ニュースイッチ

野球選手を科学で分析、能力はどこまで進化するのか

投球時のケガの原因や、より遠くへ打球を飛ばす理論を研究
野球選手を科学で分析、能力はどこまで進化するのか

投球動作を観測(早稲田大学スポーツ科学学術院提供)

 スポーツ選手の能力はどこまで進化するのか―。早稲田大学スポーツ科学学術院の矢内利政教授らは、2020年東京五輪・パラリンピックで追加種目として復帰する可能性が高い野球について、投手の投球時のケガの原因や、打者がより遠くへ打球を飛ばす理論を研究している。

(骨の動きを分析する=早稲田大学スポーツ科学学術院提供)

 矢内教授らは骨格の運動を捉えるセンサー「電磁ゴニオメーター」を、投手の利き腕の前腕や上腕、肩甲骨などに装着して動きを分析。腕をしならせた状態では肩関節に負担がかかっていないと13年に突き止めた。それまで、投手が投球時に腕をしならせる運動が肩を故障する原因の一つと考えられていた。

 成果は、大学や社会人、プロ野球の投手のケガの予防に生かされている。投球動作の分析によって各投手ごとの投球時のケガのリスクを評価し、結果を投手やコーチ、トレーナーに伝えている。

 ただ投球過多などによる慢性的なケガの原因はまだ全面的には明らかになっていない。「今後はスポーツ整形外科医師などと情報交換し、投球時のケガのメカニズムの全容を解明したい」(矢内教授)。
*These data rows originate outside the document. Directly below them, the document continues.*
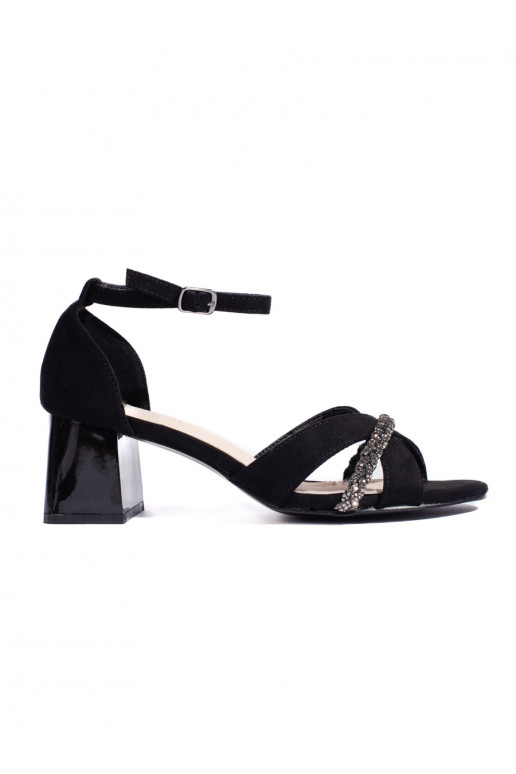 iš zomšos sandalai  juodos spalvos iš zomšos sandalai  juodos spalvos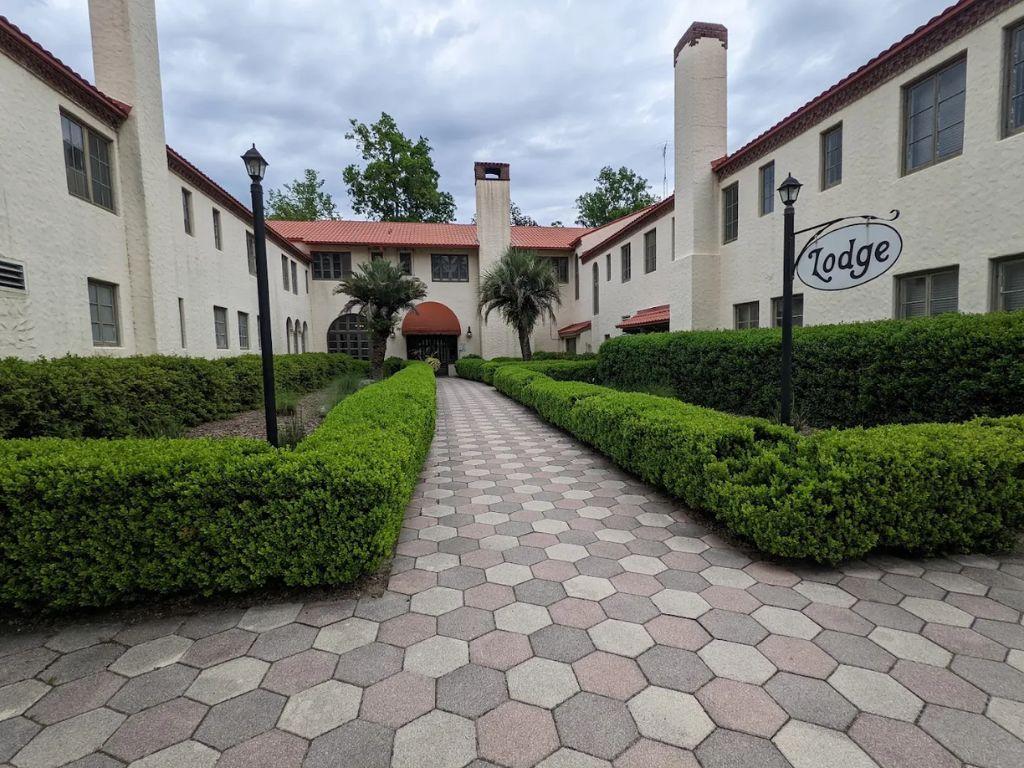 Two (2) Night Stay for Two (2) Guests at Wakulla Spr...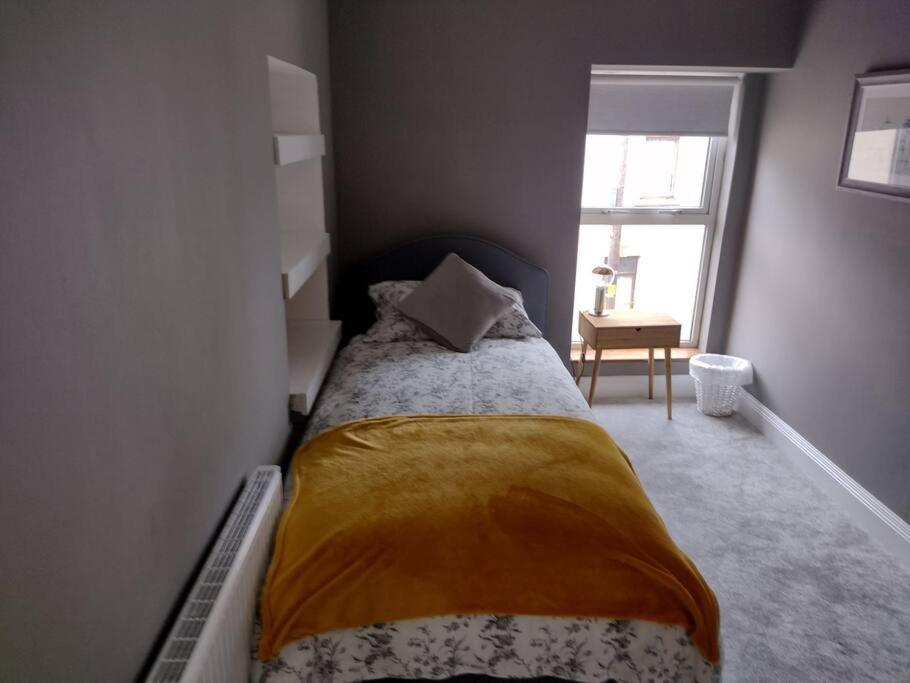 White Birds Townhouse In Sligo Town Center公寓 外观 照片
 打撃では右打者がライト方向に、左打者がレフト方向にボールを打つ打法「流し打ち」について研究を進めている。打者の打撃動作を3次元ビデオカメラで撮影して分析。右打者がボールを打つ際、バットのボールが当たる面がレフト方向を向いていてもライト方向に打球を打てることを明らかにした。
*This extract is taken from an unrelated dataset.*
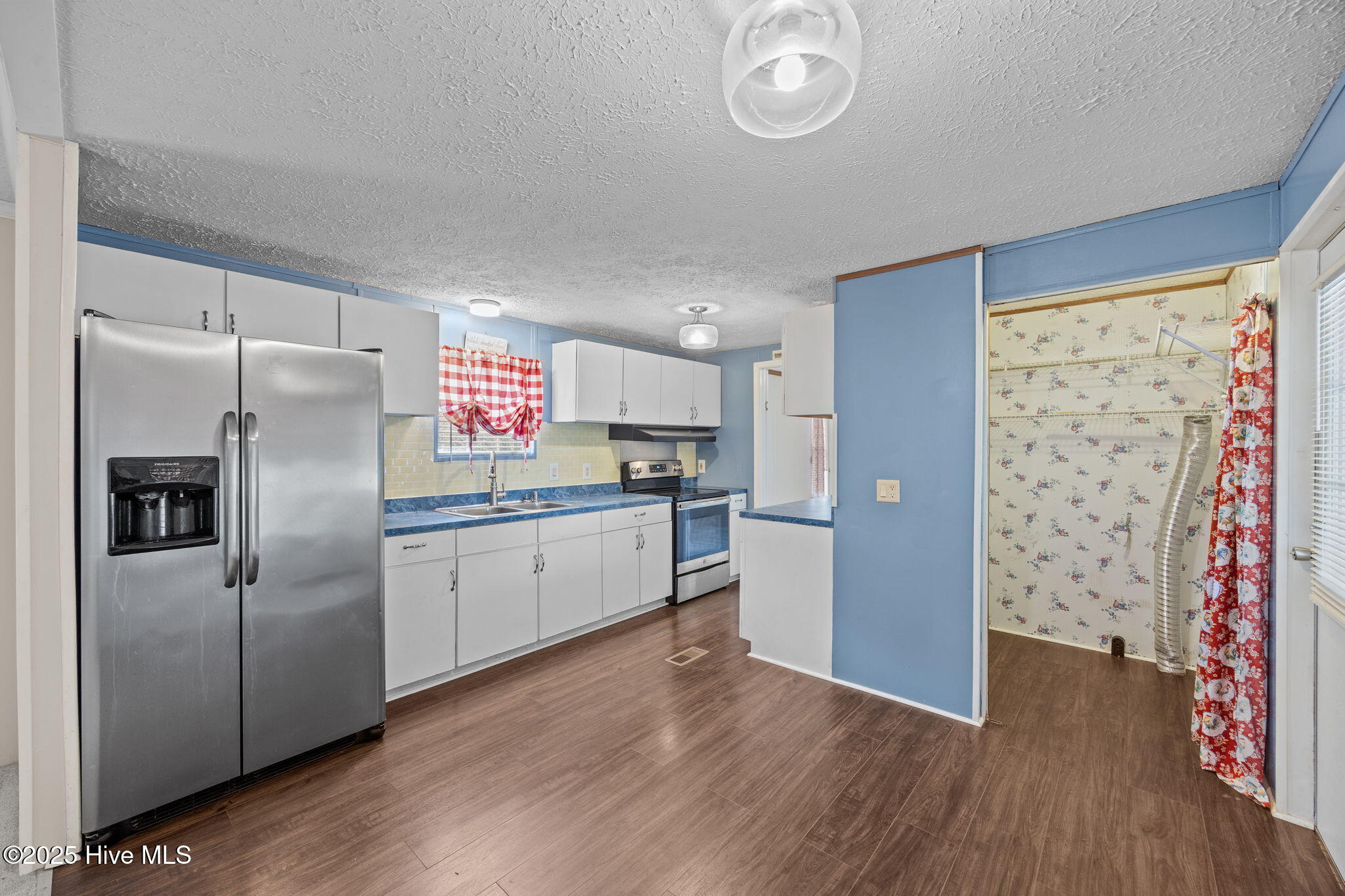 1130 Old New Bern Road Chocowinity, NC 27817 - Photo 8 of 47 7-web-or-mls-BLS_0012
 それまで、バットの向きと打球の方向は一致していると考えられていた。今後は意図した方向への打球の飛距離を伸ばす打撃理論を研究する考えだ。

 野球は92年のスペイン・バルセロナ大会で正式競技として採用。これまで日本は5大会で銀メダル1個、銅メダル2個を獲得した。矢内教授らの研究が進めばケガでプレーできなくなる選手の減少や、効率よく打球を遠くへ飛ばす打撃理論の発見などが期待できる。悲願の金メダル獲得へ、科学技術が野球日本代表「侍ジャパン」を支えるカギになるかもしれない。
日刊工業新聞2016年7月21日 
明豊
明豊 Ake Yutaka 取締役デジタルメディア事業担当
ケガが減っていくと、選手の現役寿命がどんどん長くなりそう。いずれ還暦プロ野球選手とか登場するかも。